Based on the evidence that gene functions related to immune response were identified by the gene interaction network, it is tempting to speculate that the two groups of investigated Merino and Merino-derived sheep breeds (reared under Mediterranean vs Continental climate) have mainly experienced differential environmental-driven selection pressure. This would also be consistent with the fact that, overall, candidate genes related to metabolism, immunity, hypoxia, and temperature were found in this study (see Additional files 12 and 14). Different climates may influence differentiation mainly due to temperature, but they could also indirectly affect the incidence and impact of infection agents and metabolic status. In this regard, it has been reported that native Mediterranean sheep breeds (Altamurana and Gentile di Puglia) of the Apulian region are resistant to tick-borne diseases (TBD) compared to sheep from Northern Europe [94]. This aspect is probably also true for sheep breeds that experience environments with climatic and pedological characteristics similar to those of Apulia. This hypothesis needs to be validated by further studies and data on appropriate phenotypes.

Moreover, it is well-known that a close relationship exists between hypoxia and physiological or pathological immune activity [95]. In addition, we found several candidate genes relevant for growth, body size and conformation traits, for which a connection with the identified candidate genes affecting metabolic status seems to be predictable.

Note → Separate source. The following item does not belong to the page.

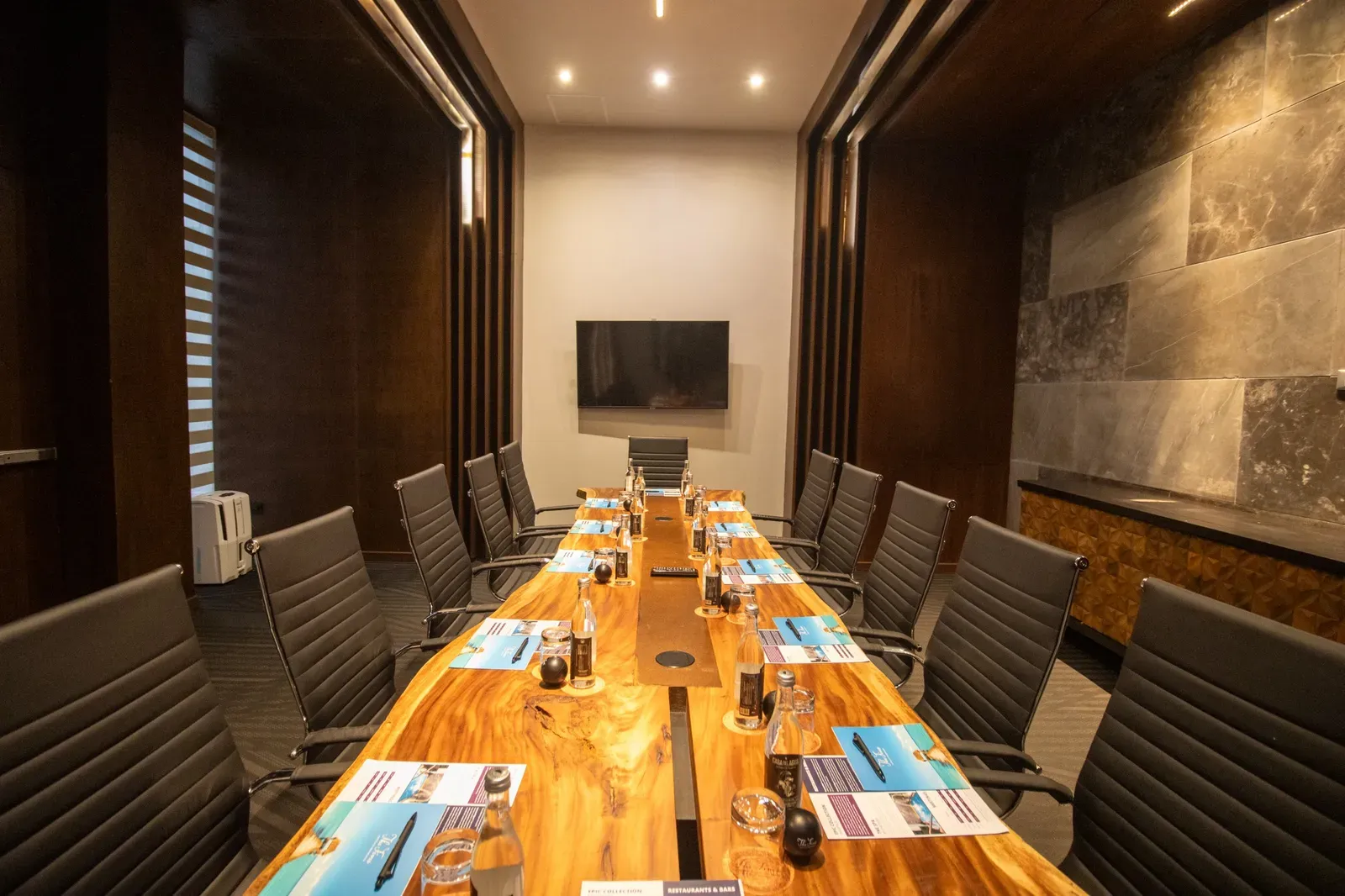 Luxury hotel The Fives Corpo: a modern boardroom with a live-edge table and plush seating.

A differential anthropic impact on growth, body size and conformation traits cannot be excluded and may have occurred in the two considered breed groups, mainly through past crossbreeding practices that were aimed at improving traits connected with meat production of Merino-derived breeds. As such, the identified signatures of selection may reflect genetic contributions by local sheep breeds with which the Merinos were crossed. The results of this study also indicate a potential strong influence of a difference in availability of feed biomass between seasons in the two targeted geographical macro-areas. The identified signs of adaptative introgression may also reflect genetic contributions by local sheep breeds, which are adapted to specific environments and productive systems, with which the Merinos were crossed. Although adaptive introgression generally refers to the movement of alleles from one species to another, the introgression of adaptive alleles can also occur through crossbreeding [96]. This fact could have a great adaptive significance in the Merino-derived breeds with regard to local environmental conditions. In addition, it has been demonstrated that gene flow can promote local adaptation but also that adaptive polymorphisms can be conserved within populations in spite of a high gene flow [97].

Conclusions

The findings from this study provide an in-depth picture of the genetic relationships between the Merino and Merino-derived breeds from a global perspective. Past and present genetic management schemes have favoured gene flow between Merino and Merino-derived breeds. This has created and maintained a high level of total genetic diversity, with the known exception of Merino de Rambouillet and Macarthur Merino, which represent small breeds characterised by a loss of genetic diversity due to genetic drift and inbreeding effects. The current study confirms, as already observed in previous analyses, the complex pattern of the genetic variability in the Spanish Merino populations, combined with the existence of specific genetic Merino strains with different aptitudes. Thus, this study highlights the role of the whole Merino population in Spain as an important genetic reservoir for future breeding programmes. In addition, the analyses provide clues about possible selection pressures, which are mainly associated with the effects of environmental factors, on the immune response. Taken together, the above-mentioned concepts highlight the potential of Merino and Merino-derived breeds that are reared in widely different environmental conditions, as useful reservoirs of possible adaptive diversity that could be linked to the current context of global environmental changes.